Blackkklansman de Spike Lee

"É assim que os EUA dominam o mundo. Coca-Cola, Nike, Apple, hip-hop, rock 'n' roll, blues. Quando colocas cá fora coisas que modificam o modo das pessoas pensarem, falarem, dançarem - isso é poder. Bombardear pessoas não tem influência nenhuma. É essa a minha teoria de como os EUA dominaram o mundo: através da exportação da sua cultura, e no topo da lista está o Cinema." É Spike Lee quem o diz em entrevista à revista inglesa Sight & Sound.
Este seu último esforço na 7.ª Arte é um novo testemunho disso mesmo, mas invertendo o ponto de vista.  Blackkklansman é um filme sobre os EUA racistas, sobre os EUA negros, sobre o confronto entre estes dois Estados-(des)Unidos. Não é por acaso que Lee abre esta obra ímpar com excertos do Gone With The Wind, num  plano que culmina na bandeira da Confederação Sulista. Não é por acaso que exibe um visionamento feito na sede da KKK do filme Birth of a Nation de D.W. Griffith, que ajudou, no principio do século XX, ao ressurgir desse odioso movimento. Não é por acaso que, no discurso real de um activista negro, recupera que o Tarzan era uma fantasia branca que fazia com que os negros odiassem a sua própria cultura e origem. Spike Lee sabe que o Cinema tem um poder único como arma de propaganda e de disseminação de ideias e ideais - não esquecer Leni Riefenstahl. Por isso, também ele fez um filme que enquadra-se num cânone mal disfarçado da 7.ª Arte. Faz um filme fortemente político, que não se escuda de comentar o momento actual da História, com a ascensão de Trump à presidência dos EUA. Cinema é poder, como diz, e recupera essa influência para a sua causa.

Blackkklansman segue a história verídica do primeiro policial negro de Colorado Springs no princípio da década de 70. A início, Ron Stallworth é relegado ao papel de arquivista, até que é recrutado para espiar um comício de activistas negros. Após o sucesso dessa missão, e por livre iniciativa, infiltra-se (com a ajuda física de um colega, branco e judeu) num clube local da Ku Klux Klan. Toma a iniciativa de telefonar para a delegação local, que prontamente reconhece o seu "valor" como verdadeiro americano branco e é recrutado para fazer parte das fileiras.
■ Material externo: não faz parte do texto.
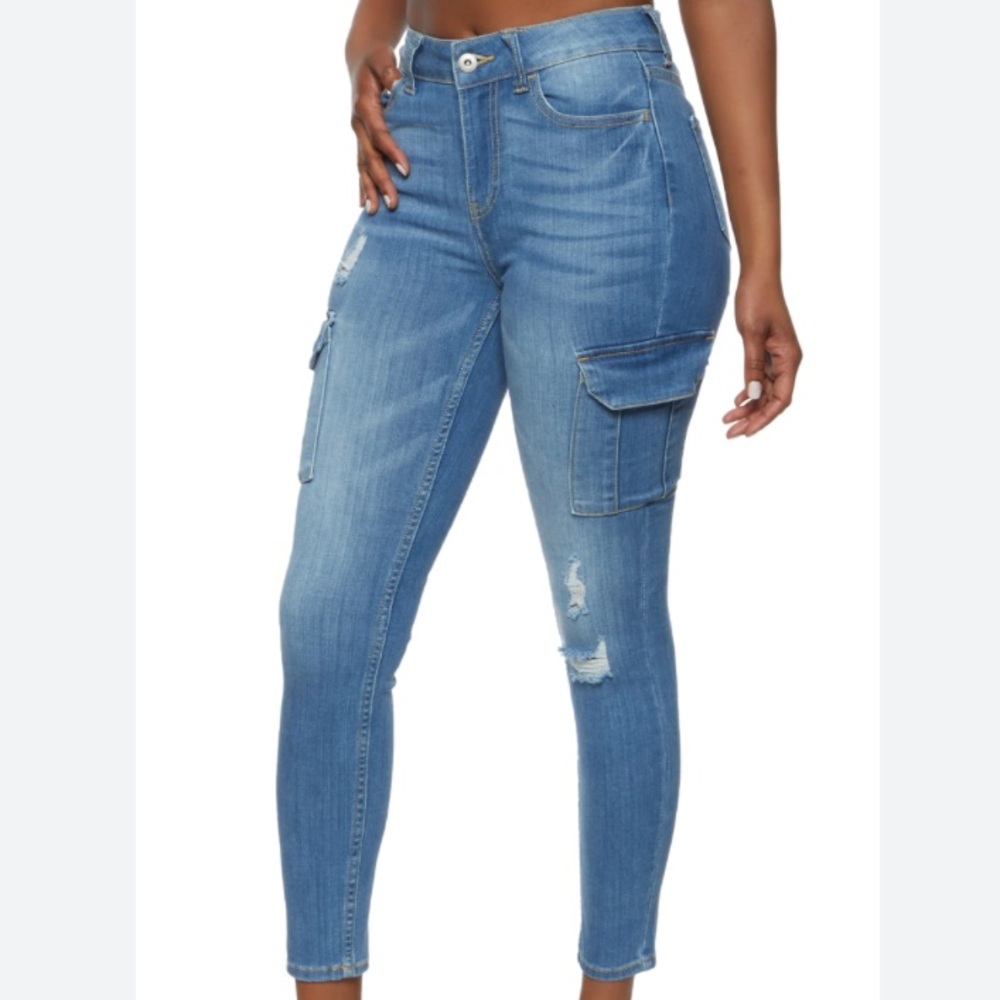 Skinny Jeans with Cargo Pockets Stretchy Cropped Jeans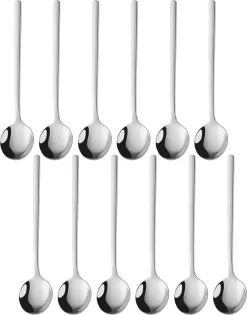 Ensemble De Cuillères à Café House Of Set - 13 Centimètres - Argent - Cuillère à Café - Design Rond - Acier Inoxydable - 12 Pièces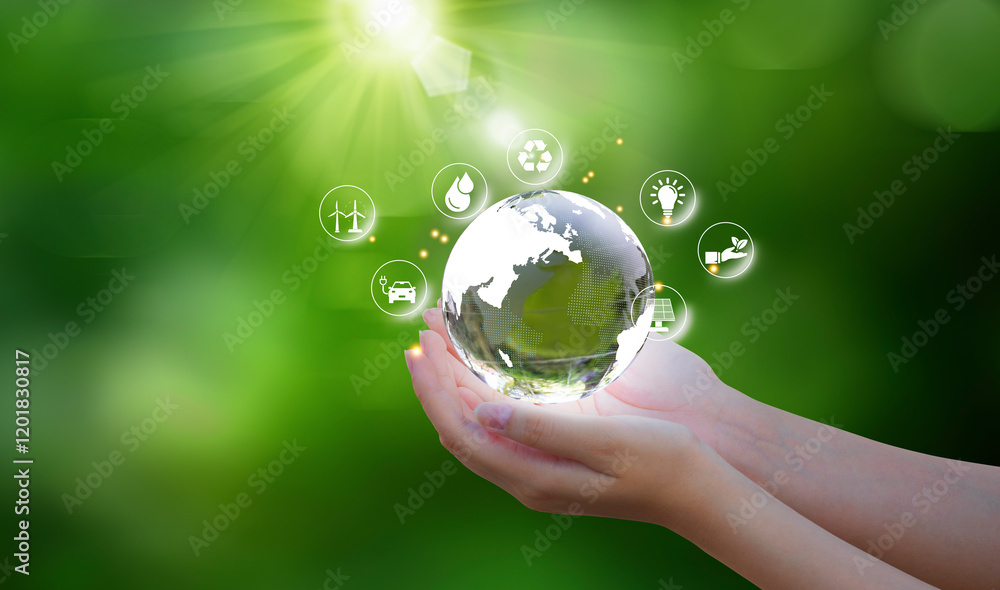 Hand protecting globe Earth on green grass, Ecology and Environment save planet concept Hand protecting globe Earth on green grass, Ecology and Environment save planet concept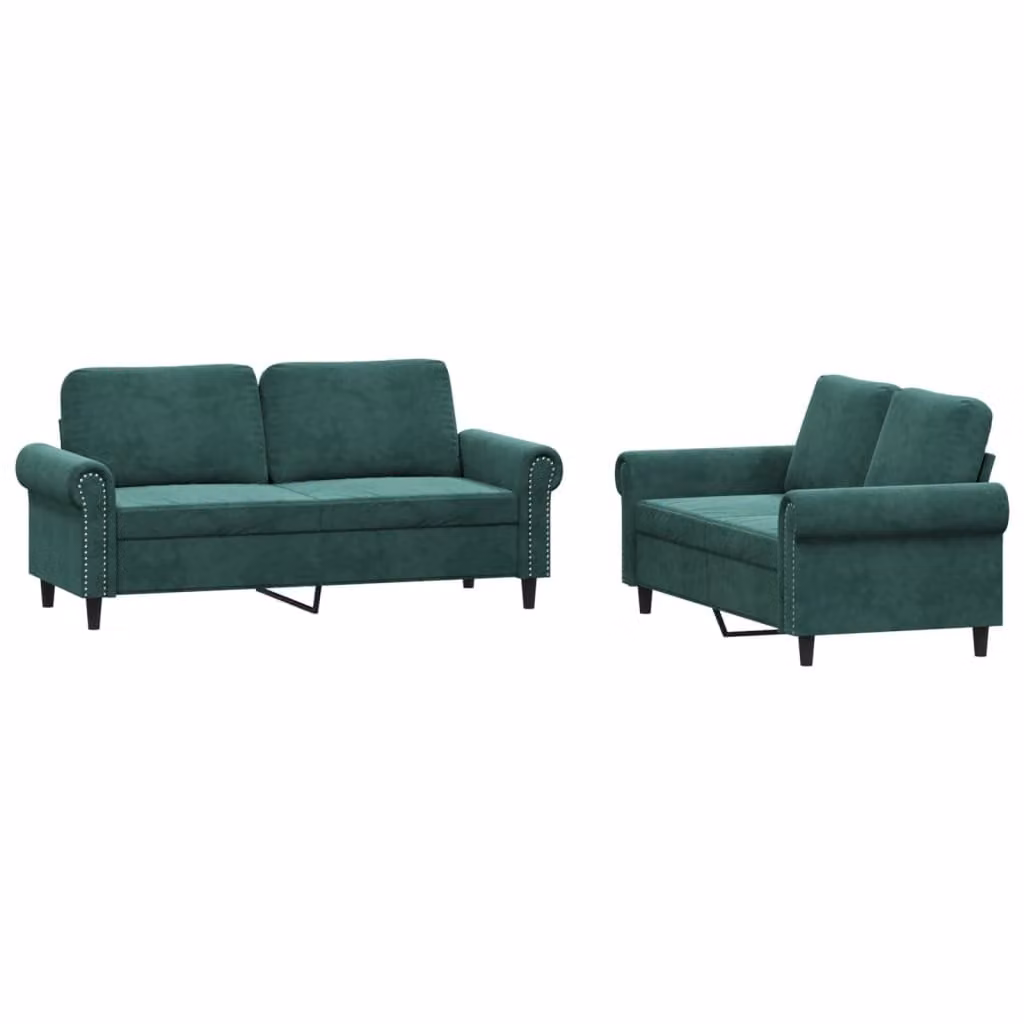 Set di Divani 2 pz con Cuscini Verde scuro in Velluto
Em suma, a dupla identidade de Ron Stallworth torna-o no primeiro (e único) afro-americano a ser membro da infame KKK.

O ridículo do preceito não passa despercebido a Lee, que adopta um lado mais humorístico (mas não de comédia, como frisa), sem perder de vista a seriedade da situação que quer retratar: a do violento racismo que impregna os EUA desde cedo na sua História e que não desapareceu. Foi o realizador Jordan Peel (do excelente Get Out, do ano passado) quem chamou a atenção deste seu colega para a existência do livro escrito pelo próprio Ron Stallworth, lançado em 2014. Ambos partilham, claro, da mesma herança cultural e social, mas esta revela, acima de tudo, o estado actual dos EUA, um país cada vez mais vincado nas suas históricas polarizações, exacerbadas que estão pela presidência de Donald Trump. Aliás, Trump é protagonista dos últimos momentos deste Blackkklansman, com a recuperação dos incidentes de Charlosttesville ocorridos em 2017 e que Lee quer homenagear, não só pelas imagens de documentário, mas também porque o filme estreou nos EUA no 1.º aniversário deste incidente.

Spike Lee não se coíbe de fazer um filme de opiniões sublinhadas e claras, porque, tal como o afirma há várias décadas, este tema não vai lá com falinhas mansas. É uma luta racial violenta a que se passa nas páginas da História do EUA. O Cinema é a Arte americana por excelência (junto com o Jazz). É inocente ou cínico achar que nunca existiu uma narrativa "branca" prevalecente em algumas das suas maiores histórias. O realizador de Nova Iorque usa este filme para dizer isso mesmo e para recuperar esse poder narrativo para esta outra causa. Isto é um filme sério e à séria. Essencial!